23 July 2021, The Tablet

Pope clamps down on traditional Latin Mass



Pope clamps down on traditional Latin Mass

Pope Francis has issued ­sweeping new restrictions on cele­brations of the Old Rite, saying it has been used to fuel division and reject the Second Vatican Council. 

Francis’ intervention overturns Benedict XVI’s 2007 legi­s­lation Summorum Pont­ificum, allowing greater use of the pre-Vatican II Latin Mass, and sets out a series of tough new ­conditions that give much more authority to local bishops.
Benedict’s ruling had allowed for celebrations of the Old Rite wherever it was requested by a group of believers. With the latest ruling, each priest celebrating the Old Rite must get permission from his bishop to continue to do so, while any priest ordained after the latest ruling must submit a formal request to his local bishop who in turn must consult with the Holy See. Francis’ intervention aims to make the Tridentine liturgy very much the exception, and to clamp down on younger, traditionalist priests wanting to say the Old Rite. 

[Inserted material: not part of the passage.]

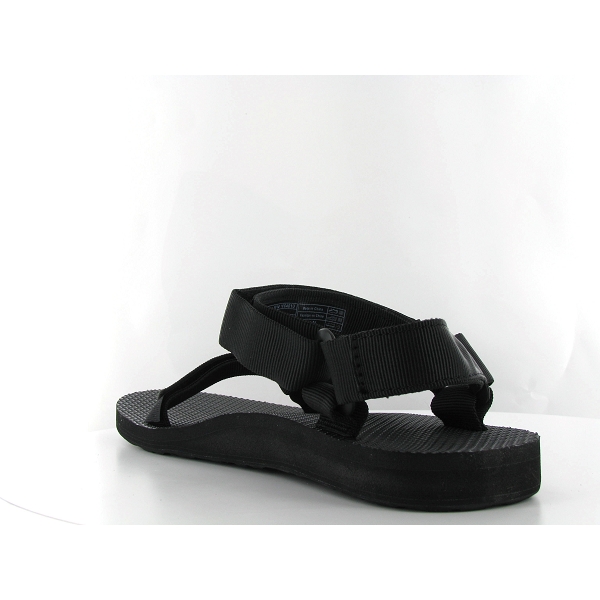 Teva nu pieds et sandales 1004010 noir9361101_3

His ruling also counters the argument that has developed in some church circles and among certain cardinals that the Old Rite, known as the “extraordinary form”, can somehow cross-fertilise with the Novus Ordo – referred to as the “ordinary form” in Summorum Pontificum.

Francis has ruled that the liturgy which emerged following the reforms of the 1962-65 Second Vatican Council is the “unique expression” of the Roman Rite. He also states that one of the conditions for the celebration of the pre-Vatican II Mass is that “groups do not deny the validity and the legitimacy of the liturgical reform, dictated by Vatican Council II”.

Although many are drawn to its contemplative, otherworldly style, the Old Rite has also become a rallying point for dissent from the Francis pontificate and for opposition to Vatican II.

Francis has been saddened, he explains in a letter to bishops accompanying his motu proprio, Traditionis Custodes, that the Tridentine Mass has been “characterised by a rejection not only of the liturgical reform, but of the Vatican Council II itself, claiming, with unfounded and unsustainable assertions, that it betrayed the Tradition and the ‘true Church’”. The Pope says that to doubt the council is “to doubt the Holy Spirit himself who guides the Church”, arguing that the Church’s liturgy has been “adapted many times over the course of the centuries according to the needs of the day, not only [to] be preserved but renewed ‘in faithful observance of the Tradition’”.

Pope John Paul II and Benedict XVI, he explained, had sought to “recover the unity of an ecclesial body with diverse liturgical sensibilities”, by making provisions for celebrations of the Old Rite. 

But Francis says their attempts to bring about unity had been “exploited to widen the gaps, ­reinforce the divergences and encourage disagreements that injure the Church, block her path and expose her to the peril of division”. 
Therefore,“I take the firm decision to abrogate all the norms, instructions, permissions and customs” that precede the present ruling, he declared.

Many traditionalists responded to the news with anger. One website, Rorate Caeli, described it as “shocking and terrifying”, accusing Francis of being “an anti-Christical figure of this age”.